Group Communication

Group Communication

A group is an operating system abstraction for a collective of related processes. A set of cooperative processes may, for example, form a group to provide an extendable, efficient, available and reliable service. The group abstraction allows member processes to perform computation on different hosts while providing support for communication and synchronisation between them.

The term multicast means the use of a single communication primitive to send a message to a specific set of processes rather than using a collection of individual point to point message primitives. This is in contrast with the term broadcast which means the message is addressed to every host or process.

A consensus protocol allows a group of participating processes to reach a common decision, based on their initial inputs, despite failures.

A reliable multicast protocol allows a group of processes to agree on a set of messages received by the group. Each message should be received by all members of the group or by none. The order of these messages may be important for some applications. A reliable multicast protocol is not concerned with message ordering, only message delivery guarantees. Ordered delivery protocols can be implemented on top of a reliable multicast service.

Multicast algorithms can be built on top of lower-level communication primitives such as point-to-point sends and receives or perhaps by availing of specific network mechanisms designed for this purpose.

The management of a group needs an efficient and reliable multicast communication mechanism to allow clients obtain services from the group and ensure consistency among servers in the presence of failures. Consider the following two scenarios:-

A client wishes to obtain a service which can be performed by any member of the group without affecting the state of the service.

A client wishes to obtain a service which must be performed by each member of the group.

In the first case, the client can accept a response to its multicast from any member of the group as long as at least one responds. The communication system need only guarantee delivery of the multicast to a nonfaulty process of the group on a best-effort basis. In the second case, the all-or-none atomic delivery requirements requires that the multicast needs to be buffered until it is committed and subsequently delivered to the application process, and so incurs additional latency.

Failure may occur during a multicast at the recipient processes, the communication links or the originating process.

Failures at the recipient processes and on the communication links can be detected by the originating process using standard time-out mechanisms or message acknowledgements. The multicast can be aborted by the originator, or the service group membership may be dynamically adjusted to exclude the failed processes and the multicast can be continued.

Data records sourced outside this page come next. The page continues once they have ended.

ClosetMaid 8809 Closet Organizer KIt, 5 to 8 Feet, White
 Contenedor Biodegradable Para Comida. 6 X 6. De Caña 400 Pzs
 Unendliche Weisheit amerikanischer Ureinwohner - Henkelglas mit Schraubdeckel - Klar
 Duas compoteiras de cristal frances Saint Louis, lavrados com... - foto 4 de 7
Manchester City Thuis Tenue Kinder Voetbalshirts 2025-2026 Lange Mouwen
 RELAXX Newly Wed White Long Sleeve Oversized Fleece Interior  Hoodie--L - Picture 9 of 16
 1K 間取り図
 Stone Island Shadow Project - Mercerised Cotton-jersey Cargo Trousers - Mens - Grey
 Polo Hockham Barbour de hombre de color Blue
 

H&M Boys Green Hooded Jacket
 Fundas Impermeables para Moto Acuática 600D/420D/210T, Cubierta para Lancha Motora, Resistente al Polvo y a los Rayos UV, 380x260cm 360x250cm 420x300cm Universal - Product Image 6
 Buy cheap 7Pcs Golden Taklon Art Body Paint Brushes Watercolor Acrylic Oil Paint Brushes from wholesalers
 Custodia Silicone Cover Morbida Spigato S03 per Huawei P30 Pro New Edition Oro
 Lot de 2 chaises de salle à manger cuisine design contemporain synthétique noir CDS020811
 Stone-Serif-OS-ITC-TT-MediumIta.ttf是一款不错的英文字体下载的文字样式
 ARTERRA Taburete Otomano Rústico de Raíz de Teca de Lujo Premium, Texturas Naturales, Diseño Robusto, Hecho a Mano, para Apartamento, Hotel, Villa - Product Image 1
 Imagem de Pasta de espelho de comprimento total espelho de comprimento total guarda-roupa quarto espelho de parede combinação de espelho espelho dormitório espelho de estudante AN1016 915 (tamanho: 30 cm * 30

If the originator fails during the multicast, there are two possible outcomes. Either the message has not have arrived at any destination or it has arrived at some. In the first case, no process can be aware of the originator's intention and so the multicast must be aborted. In the second case it may be possible to complete the multicast by selecting one of the recipients as the new originator. The recipients would have to buffer messages until safe for delivery in case they were called on for this role.

A reliable multicast protocol imposes no restriction on the order in which messages are delivered to group processes. Given that multicasts may be in progress by a number of originators simultaneously, the messages may arrive at different processes in a group in different orders. Also, a single originator may have a number of simultaneous multicasts in progress or may have issued a sequence of multicast messages whose ordering we might like preserved at the recipients. Ideally, multicast messages should be delivered instantaneously in the real-time order they were sent, but this is unrealistic as there is no global time and message transmission has a possibly significant and variable latency.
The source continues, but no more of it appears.